I am trying to annotate transcripts from an Affymetrix Mouse Gene ST 2.0 microarray using 'oligo', but I have found so many resources and annotation approaches that I cannot figure out the relationships and differences between them.
So, to start with, what is the difference between the packages pd.mogene.2.0.st and mogene20sttranscriptcluster.db? How are they used?
Also, one what do they differ from the annotation .csv file provided by Affymetrix that you can obtain using getNetAffx()?
Finally, annotating with BioMart would one get the same results as with any of the previous approaches?
Thanks.
Excellent answer James, thanks a lot!
just a final question: when mapping the 'core' probesets to genes using mogene20sttranscriptcluster.db package, should I expect to have duplicated genes in the collapsed matrix, or ALL probesets mapping to the same gene will have been collapsed?
I expected to be the latter, but to make a sanity check, after collapsing using affyNorm <- rma(affyRaw, target="core"), I annotated all "collapsed" probesets using BioMart, and I obtain many duplicated genes like the following:
probeset.id gene symbol gene entrez
17427309 Jun 16476
17427312 Jun 16476
I checked the corresponding probeset sequence with BLAT, and they both actually map at different regions of the Jun gene.
Why is this happening? What should we do with that?
No, you shouldn't expect that. Affymetrix arrays have historically had more than one probeset for some genes, and this pattern continues with the Gene ST arrays. Why this is so, and what you should do with it are good questions, but I have no answers for you. Given the number of duplicated probesets I would be surprised if Affymetrix had a single rationale for the duplication, and would instead assume that it is a gene-dependent thing.
As an example, they could have just piled all the probes that interrogate Jun into one probeset and called it good.

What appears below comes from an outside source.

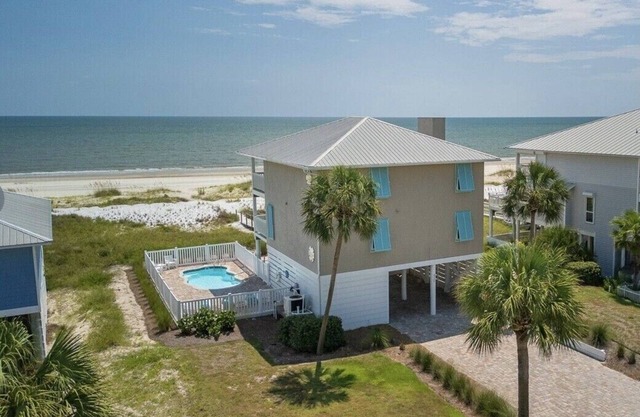 Gulf-front, private pool, pets welcome!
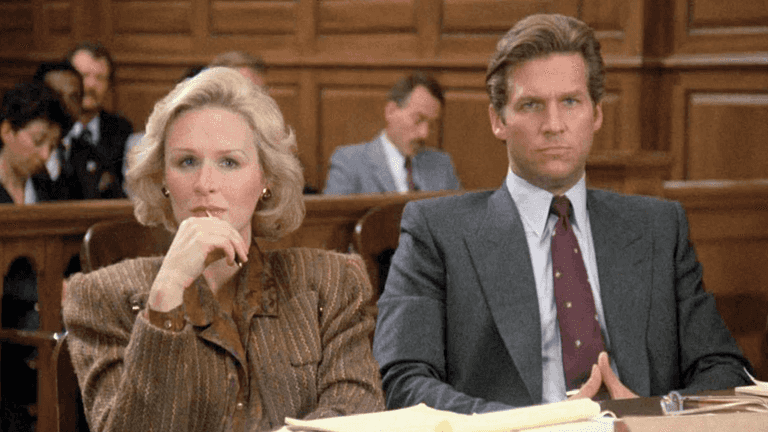 A brilliantly dark and twisty thriller movie is on TV tonight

But maybe they think there are two predominant transcripts, and you can use the two probesets to infer differences between those two transcripts by looking at the expression values for the two probesets. Or maybe they think something else about Jun. I really don't know. This does make interpretation of the results more difficult, and using an MBNI cdf where they have all been collapsed at the gene level would make interpretation easier.
On the other hand, there is a valid argument that simplifying data to the gene level is ignoring the complexity of the transcript, and you could for instance think you have differential expression when in fact you have identical expression levels, but very different transcripts. In other words, consider the hypothetical of a gene where there are four exons, and two main transcripts where transcript A has all four exons, and transcript B only has two. If two sample types are expressing exactly equivalent numbers of transcript, but one sample type is only expressing transcript A, and the other sample type is expressing only transcript B, then you may get very different signal, and interpret it as differential gene expression when in fact it is due entirely to differences in the form of the transcript.
As to what you should do with that, I have no idea. The answer depends on too many variables. There is always the tension between the 'bulk analysis' that we do with microarray data and the particular questions you may have. With 30,000 or more different probesets, you have to do some things in a pretty naive way. For example, you fit the same linear model on each probeset, which you would never do if you were doing conventional statistical analysis. But you cannot go through and decide what the best model is for each gene because nobody has that kind of time. Plus you usually don't have the replication to decide what the best model is anyway. But at some point you have a set of interesting genes, at which time you might want to look more closely at the probesets, what they are measuring, etc, in order to decide what the data mean.
That perfectly answers my question, thanks James!